Please note: This review was written for Whatsonstage.com/Opera

In its continuing 40th anniversary celebrations, the Young Vic follows its revival of The Beauty Queen of Leenane with the return of Opera Company’s community production of Street Scene by Kurt Weill (music), Elmer Rice (book) and Langston Hughes (lyrics). First seen a couple of years ago, also at original co-producers, the Palace Theatre Watford, this production transports you from The Cut to a steamy June night on the sidewalk in front a pre-War New York tenement block.
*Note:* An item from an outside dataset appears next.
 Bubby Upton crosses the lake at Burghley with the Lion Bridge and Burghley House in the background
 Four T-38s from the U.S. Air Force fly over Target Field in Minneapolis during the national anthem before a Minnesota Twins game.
Just like the soap operas on television now, we follow the interconnecting lives of various immigrant families – from Scandinavia, Italy, German, Poland and Africa (the production replaces Rice’s original Caucasian janitor from his 1920 play with an African-American one) – and from one, long sultry evening to the following morning, we see the tragic consequences of affairs of the heart, in amidst the gossip, the kids playing, the petty arguments and the birth of a child.
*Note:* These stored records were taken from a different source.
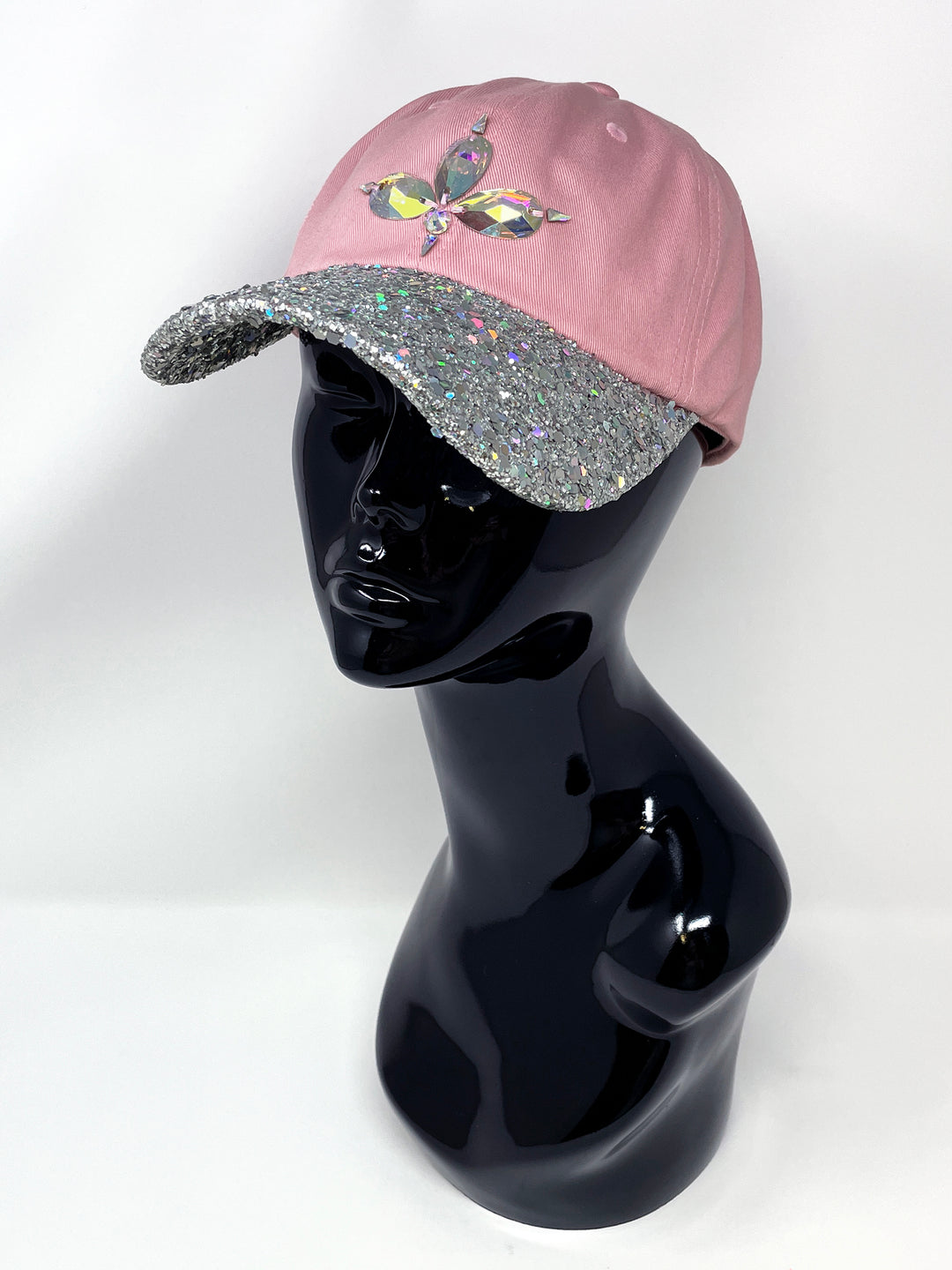 Light pink low profile cap with an embellished holographic silver glitter peak and 3D Jukebox logo emblem centre front, stylish streetwear, eye catching accessory, buckle back, iridescent, dusky pink, party hat, festival hat, urban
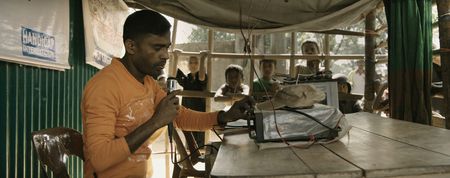Kamal Hussein works at the Lost and Found tent in the refugee camp. Using a microphone and broadcasting over a loudspeaker, Kamal has reunited hundreds of Rohingya refugees who have been torn apart by violence and chaos. Lost and Found, directed by Academy Award winner Orlando von Einsiedel (“The White Helmets”, “Virunga"), is an inspiring story of humanity and heroism in the world’s largest refugee camp, that follows Kamal Hussein, a Rohingya refugee, in his quest to reunite children with their parents. (Nobel Media/Franklin Dow)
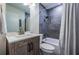 Bathroom featuring a vanity with a modern faucet, toilet, and shower at 451 27Th N Ave, St Petersburg, FL 33704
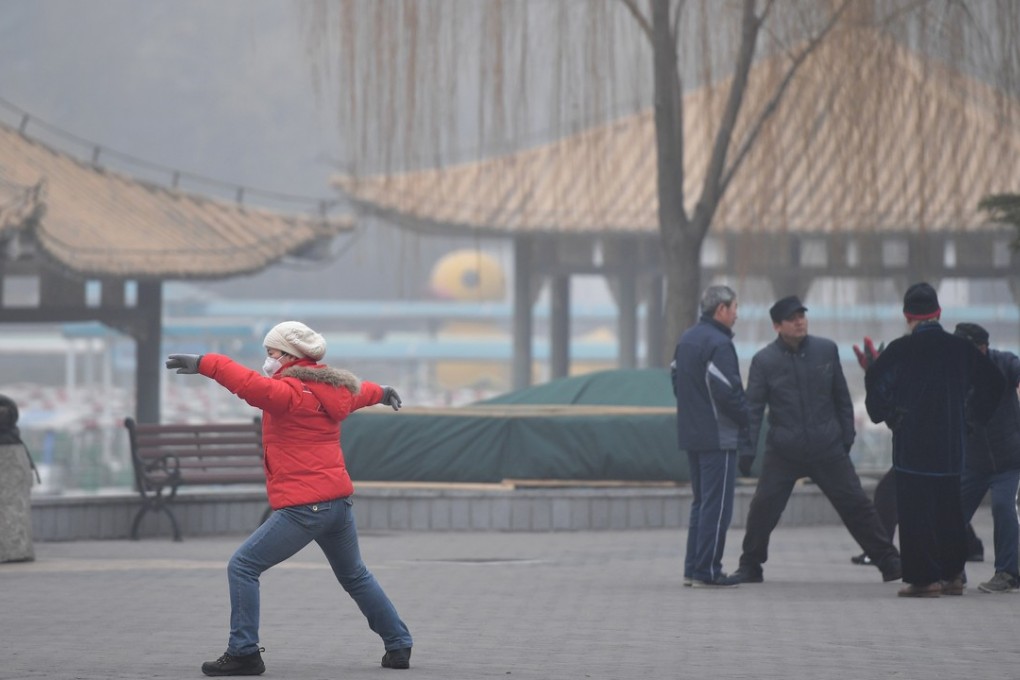 A citizen does morning exercises at the Taoranting Park in Beijing. Photo: Xinhua/Li Xin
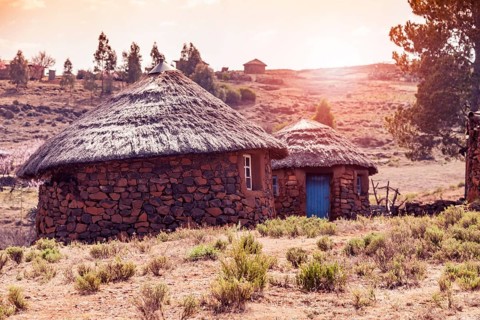 Huts with blue door in Sunset Lesotho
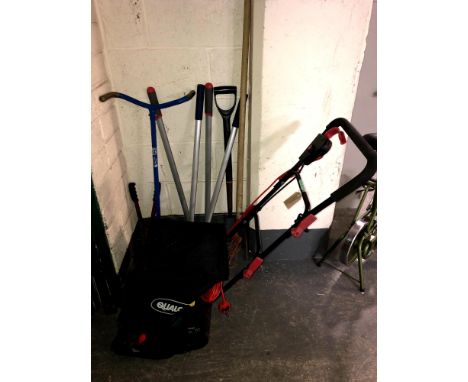 A Qualcast lawn mower together with garden tools to include three sets of shears, garden fork and a rotovator 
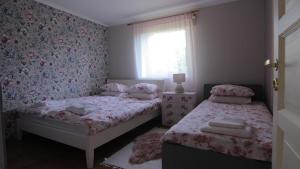 Ένα ή περισσότερα κρεβάτια σε δωμάτιο στο Ringi Guesthouse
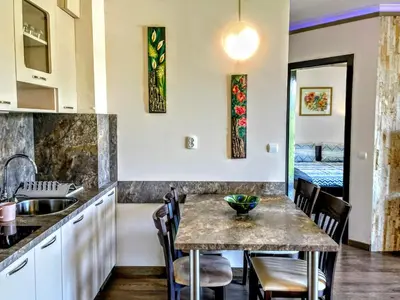 a kitchen with a table and chairs and a sink at Апартамент Елегант - спа комплекс Аква Терми in Krasnovo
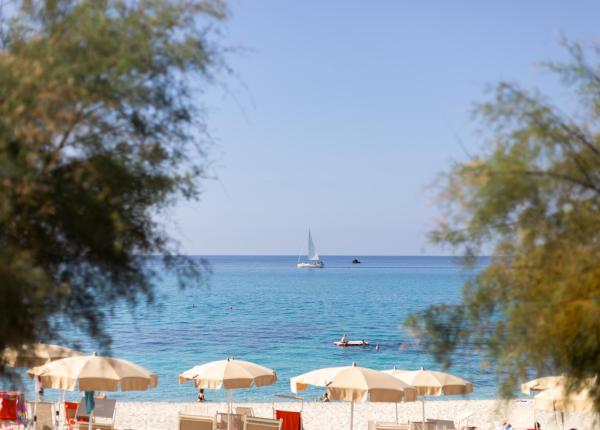 Spiaggia con ombrelloni, mare calmo e barca a vela all'orizzonte.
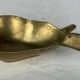 Empty pocket ashtray in pear-shaped brass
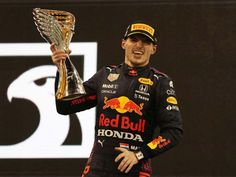 a man holding up a trophy on top of a race car podium in front of a red bull sign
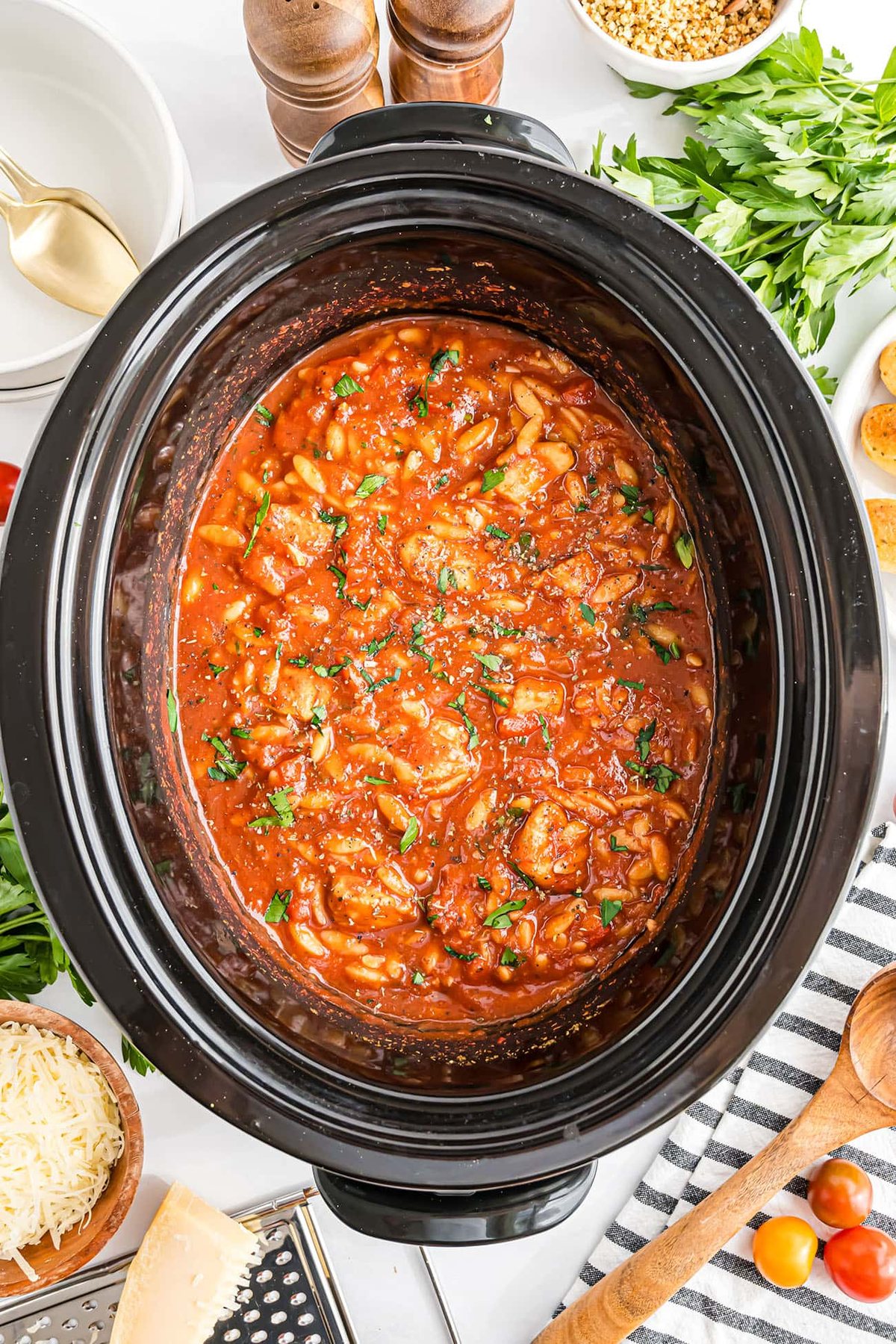 Slow cooker filled with Chicken Parmesan Soup ready to serve.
If it hadn’t been written for Broadway it would have been a shining example of American verismo; and that’s perhaps why it has retained its occasional foothold in the repertoire because of opera companies.

In the small confines of the Young Vic (a complete contrast to the expanse of the London Coliseum, where the English National Opera produced the work back in 1989), the orchestra are on two levels of the tenement block: strings and percussion on the ground floor, the wind and brass in one line on the first floor. Two sets of stairs lead down onto an apron stage, with a second floor above the wind and brass. Washing, hung out to dry drape the sides of the stage and chalked graffiti (‘a trew story’) decorates every available surface, as well as the names of the families who live in tenement block 346 – the Maurants, Olsens, Hildebrands, Jonses, Fiorentinos and Kaplans.
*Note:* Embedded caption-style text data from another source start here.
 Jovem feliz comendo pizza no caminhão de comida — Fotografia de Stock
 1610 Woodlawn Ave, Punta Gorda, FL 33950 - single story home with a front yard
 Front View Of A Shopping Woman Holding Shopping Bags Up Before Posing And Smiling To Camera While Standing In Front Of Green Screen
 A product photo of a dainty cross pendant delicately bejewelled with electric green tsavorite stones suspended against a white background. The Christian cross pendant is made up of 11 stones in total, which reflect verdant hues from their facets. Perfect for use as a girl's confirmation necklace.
The Maurants are the lynchpins to the story – prone-to-violence husband Frank (Geoffrey Dolton), adulterous wife Anna (Elena Ferrari), pretty daughter Anna (Susanna Hurrell) pursued at work by her boss and loved by shy trainee-lawyer Sam Kaplan (bespectacled and plausibly awkward Paul CurIevici) and young bully son Willie (Oscar O’Rahilly). The gossips are out about Anna’s liking for the milkman, but the tragic denouement and heartbreaking coda is superbly managed not only in Kurt Weill’s score but also John Fulljames vibrant production. You feel for these people, none are just black and white, they are fully rounded and believable and the audience’s engagement, as in all good tragedy, is seeing what will probably happen, but hoping fervently that it will not.

Street Scene can hold its head up high in the operatic canon, and certainly heralded the other scenes from the streets from shortly after, Bernstein’s West Side Story. There’s even some superb dancing, fulfilling a Broadway necessity (just like the Paris opera!), and a surfeit of catchy and memorable melodies.

When the community choir, inhabiting the level above the audience add their voice to the tragedy there is a sense of total involvement, being completely wrapped up in the drama. In short, this is a tremendous production of a great show. Don’t miss it – it’s running at the Young Vic (with the Southbank Sinfonia and conductor Tim Murray taking over the musical honours from the BBC Concert Orchestra and Keith Lockhart) to 1 October and then touring to Basingstoke, Edinburgh, Newport and Hull over the following fortnight.

If you can’t make any of those, don’t despair: BBC Radio 3 was on hand last night to record it for future radio broadcast.